At the same time, the olive continues to function as a universal emblem of peace. The olive branches that frame the emblem of the United Nations deliberately draw on classical and Biblical symbolism to frame the post-1945 international order in terms of reconciliation, diplomacy, and global governance.
Finally, in contemporary debates around sustainability, olive cultivation is often invoked as a model - albeit an imperfect one - of long-term, low-input agroforestry. Landscapes of ancient trees, dry-stone terraces, and smallholder groves embody forms of environmental knowledge that scholars argue are crucial for thinking about climate adaptation, soil conservation, and biodiversity. Studies on olive resilience and Mediterranean land use repeatedly highlight the need to protect both the trees and the social practices that sustain them (Barazani et al, 2023).
A Timeless Emblem of Human Civilization
From Athena’s mythical planting on the Acropolis to UNESCO’s World Olive Tree Day, the olive tree has remained remarkably constant in its symbolic load, even as the worlds around it have changed. It is at once:
A mythic gift that encodes choices about what kind of city, and what kind of society, humans wish to build;
A heritage crop, archaeologically visible in charred pits, amphoras, and terraces, and historically central to economies and cuisines;
A modern icon, mobilised on national tourism posters, inscribed in World Heritage landscapes, and invoked in debates about peace, identity, and sustainability.
To walk through an ancient olive grove in Andalusia, Lesvos, Crete, or Apulia is therefore not simply to enter a rural scene.
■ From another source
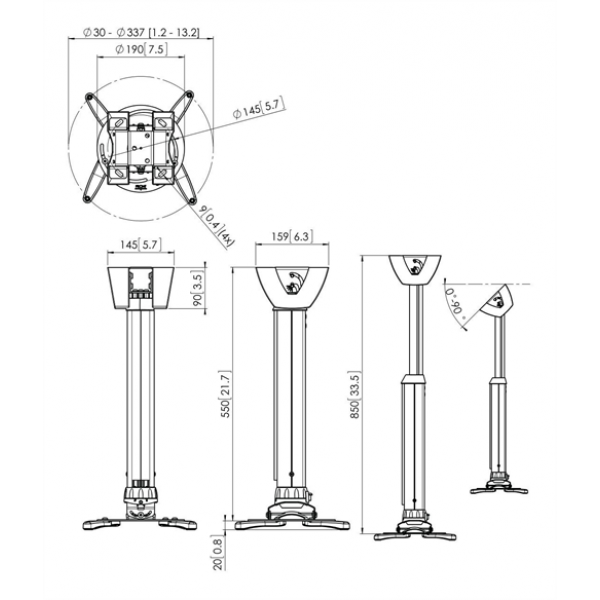PPC 1555W Projector ceiling mount Teles 55-85cm Wh 7015551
It steps into a palimpsest where myth, memory, labour, and ecology overlap; where a tree is simultaneously organism, monument, and metaphor.
In this sense, the olive tree is more than a survivor from antiquity. It is a living symbol of how human communities choose to inhabit their environments whether they privilege spectacle or sustenance, exploitation or stewardship, conflict or peace.
References
Barazani, O., A. Dag, and Z. Dunseth. 2023. “The History of Olive Cultivation in the Southern Levant.” Frontiers in Plant Science 14:1131557.
Casa, Gianluca. “Lin Foxhall, Olive Cultivation in Ancient Greece: Seeking the Ancient Economy. (Oxford: Oxford University Press, 2007, 320 Pp., 82 Illustr., Hbk, ISBN 978 0 19 8152880).” European Journal of Archaeology 12, no. 1–3 (2009): 260–62.
Dalby, A. 2003. Food in the Ancient World from A to Z. London:Routledge.
De Lucia, Alfonso. 2015. “Proposal to Include Apulia’s ‘Plain of Olive Trees’ on UNESCO List.” Olive Oil Times, February 25. Retrieved 25 November 2025 from https://www.oliveoiltimes.com/world/apulia-piana-degli-ulivi-unesco-list/46594.
Foxhall, L. 2007. Olive Cultivation in Ancient Greece: Seeking the Ancient Economy. Oxford: Oxford University Press.
Rackham, O., and J. Moody. 1996. The Making of the Cretan Landscape. Manchester: Manchester University Press.
Toussaint-Samat, M. 2009. A History of Food. 2nd ed. Oxford: Wiley-Blackwell.
UNESCO. 2019 “World Olive Tree Day: 26 November.” 206 EX/41 and related documents of the 40th session of the General Conference.
UNESCO World Heritage Centre. “Palestine: Land of Olives and Vines -Cultural Landscape of Southern Jerusalem, Battir.” Inscribed 2014.
Greek National Tourism Organization. 2021. “All You Want Is Greece’ campaign (Visit Greece / GNTO). Retrieved 25 November 2025 from https://www.greece-is.com/news/all-you-want-is-greece-gnto-2021-tourism-campaign/.
Italian Ministry of Tourism & ENIT. 2023. “Italia. Open to Meraviglia” campaign.
Classical sources cited in the text are all standard, widely available editions and are not repeated here.